Abstract

The discovery of commercial quantities of hydrocarbons in Ghana in 2007 expedited the enactment of various carefully thought-out legal and regulatory frameworks implemented specifically to facilitate the collection and distribution of petroleum revenues. The Petroleum Revenue Management Act, 2011 (Act 815) amended by Act 893, 2015 was enacted to ensure efficient collection and allocation of revenues in a sustainable and transparent manner. This study examines petroleum revenue collection and allocation in commercial production from 2011 to 2020. Content analysis was applied to secondary data sourced from notable institutions such as the Public Interest and Accountability Committee, Bank of Ghana and Ministry of Finance.
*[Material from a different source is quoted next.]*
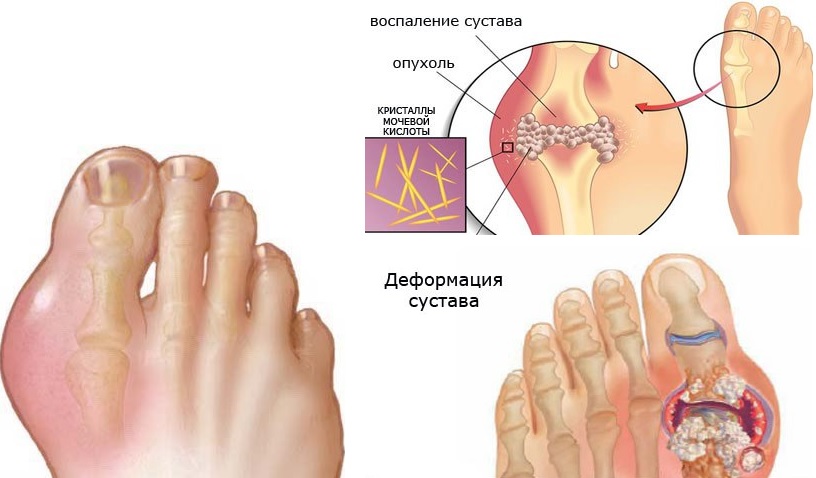 Подагра определяется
The information retrieved was then analysed. The study revealed that, within the 10-year period, a total of US$6.55 billion has come to the state, out of which US$6.52 billion has been allocated based on the Petroleum Revenue Management Act (PRMA). The Carried and Participating Interest has been the most significant source of revenue to the state; contributing 58.1% followed by Royalty Payments (25%) and Corporate Income Tax (16.5%). The study concludes that petroleum revenue collection and allocation has largely been done with reference to the PRMA. However, ministerial discretion and lack of a clear-cut definition of the priority areas are sources of abuse to oil revenue management. The study, thus, calls for reforms in the management and use of oil revenues to help ensure long-run benefit and sustainability.